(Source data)
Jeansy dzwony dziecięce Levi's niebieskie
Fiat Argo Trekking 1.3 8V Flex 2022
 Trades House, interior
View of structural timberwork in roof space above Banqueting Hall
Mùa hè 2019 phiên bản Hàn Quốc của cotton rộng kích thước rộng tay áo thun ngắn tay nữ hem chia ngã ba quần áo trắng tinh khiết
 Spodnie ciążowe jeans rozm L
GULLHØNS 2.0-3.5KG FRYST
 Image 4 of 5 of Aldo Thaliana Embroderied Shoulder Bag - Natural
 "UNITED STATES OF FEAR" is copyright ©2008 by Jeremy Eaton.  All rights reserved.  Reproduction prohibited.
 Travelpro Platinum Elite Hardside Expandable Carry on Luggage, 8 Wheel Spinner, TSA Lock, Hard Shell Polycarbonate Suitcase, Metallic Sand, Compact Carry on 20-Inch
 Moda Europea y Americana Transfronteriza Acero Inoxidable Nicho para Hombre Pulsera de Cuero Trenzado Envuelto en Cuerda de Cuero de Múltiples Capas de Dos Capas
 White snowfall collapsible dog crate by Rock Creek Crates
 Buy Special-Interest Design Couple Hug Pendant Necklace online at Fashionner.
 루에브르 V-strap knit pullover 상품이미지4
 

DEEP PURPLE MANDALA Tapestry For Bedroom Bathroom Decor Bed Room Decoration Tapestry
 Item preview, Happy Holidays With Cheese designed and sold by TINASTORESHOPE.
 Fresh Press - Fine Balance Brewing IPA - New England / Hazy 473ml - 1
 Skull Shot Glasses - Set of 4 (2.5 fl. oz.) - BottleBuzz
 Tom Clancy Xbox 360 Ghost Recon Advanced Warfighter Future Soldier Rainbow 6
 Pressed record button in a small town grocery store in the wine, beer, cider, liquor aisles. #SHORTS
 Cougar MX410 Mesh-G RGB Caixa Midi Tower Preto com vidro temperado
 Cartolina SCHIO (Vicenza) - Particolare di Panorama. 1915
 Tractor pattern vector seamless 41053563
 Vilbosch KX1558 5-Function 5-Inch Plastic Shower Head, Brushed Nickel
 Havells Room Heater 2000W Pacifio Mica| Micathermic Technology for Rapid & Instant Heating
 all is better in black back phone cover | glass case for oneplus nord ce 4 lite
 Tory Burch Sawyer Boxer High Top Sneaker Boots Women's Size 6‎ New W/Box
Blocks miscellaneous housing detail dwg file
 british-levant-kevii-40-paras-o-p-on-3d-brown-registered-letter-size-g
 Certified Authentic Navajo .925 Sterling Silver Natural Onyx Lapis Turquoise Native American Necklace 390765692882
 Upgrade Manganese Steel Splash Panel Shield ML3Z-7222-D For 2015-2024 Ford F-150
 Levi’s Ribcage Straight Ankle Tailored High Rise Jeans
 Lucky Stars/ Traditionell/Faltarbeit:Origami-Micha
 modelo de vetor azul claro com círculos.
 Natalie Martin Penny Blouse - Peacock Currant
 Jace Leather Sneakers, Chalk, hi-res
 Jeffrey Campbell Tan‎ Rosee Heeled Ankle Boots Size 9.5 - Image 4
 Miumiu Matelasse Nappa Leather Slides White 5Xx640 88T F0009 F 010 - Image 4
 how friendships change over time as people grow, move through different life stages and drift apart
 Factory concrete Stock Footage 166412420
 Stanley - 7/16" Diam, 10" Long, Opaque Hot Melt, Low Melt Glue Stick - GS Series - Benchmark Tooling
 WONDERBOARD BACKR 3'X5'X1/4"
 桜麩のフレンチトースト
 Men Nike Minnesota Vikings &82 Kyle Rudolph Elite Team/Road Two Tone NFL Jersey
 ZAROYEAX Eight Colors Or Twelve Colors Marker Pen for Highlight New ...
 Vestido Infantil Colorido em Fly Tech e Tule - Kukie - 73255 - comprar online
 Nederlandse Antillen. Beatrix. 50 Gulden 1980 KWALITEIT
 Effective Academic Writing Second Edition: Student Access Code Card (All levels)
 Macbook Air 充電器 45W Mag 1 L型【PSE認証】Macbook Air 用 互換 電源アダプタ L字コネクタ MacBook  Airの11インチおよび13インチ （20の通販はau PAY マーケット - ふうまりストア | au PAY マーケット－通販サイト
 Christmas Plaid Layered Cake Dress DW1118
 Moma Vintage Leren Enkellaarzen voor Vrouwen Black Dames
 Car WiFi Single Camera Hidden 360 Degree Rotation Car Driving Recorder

* [What you have to do] All that belongs in your answer is the stretch of entries above from the line with "Travelpro Platinum Elite" through the line with "Pressed record button", printed exactly.

* [Answer for this exercise]
 Travelpro Platinum Elite Hardside Expandable Carry on Luggage, 8 Wheel Spinner, TSA Lock, Hard Shell Polycarbonate Suitcase, Metallic Sand, Compact Carry on 20-Inch
 Moda Europea y Americana Transfronteriza Acero Inoxidable Nicho para Hombre Pulsera de Cuero Trenzado Envuelto en Cuerda de Cuero de Múltiples Capas de Dos Capas
 White snowfall collapsible dog crate by Rock Creek Crates
 Buy Special-Interest Design Couple Hug Pendant Necklace online at Fashionner.
 루에브르 V-strap knit pullover 상품이미지4
 

DEEP PURPLE MANDALA Tapestry For Bedroom Bathroom Decor Bed Room Decoration Tapestry
 Item preview, Happy Holidays With Cheese designed and sold by TINASTORESHOPE.
 Fresh Press - Fine Balance Brewing IPA - New England / Hazy 473ml - 1
 Skull Shot Glasses - Set of 4 (2.5 fl. oz.) - BottleBuzz
 Tom Clancy Xbox 360 Ghost Recon Advanced Warfighter Future Soldier Rainbow 6
 Pressed record button in a small town grocery store in the wine, beer, cider, liquor aisles. #SHORTS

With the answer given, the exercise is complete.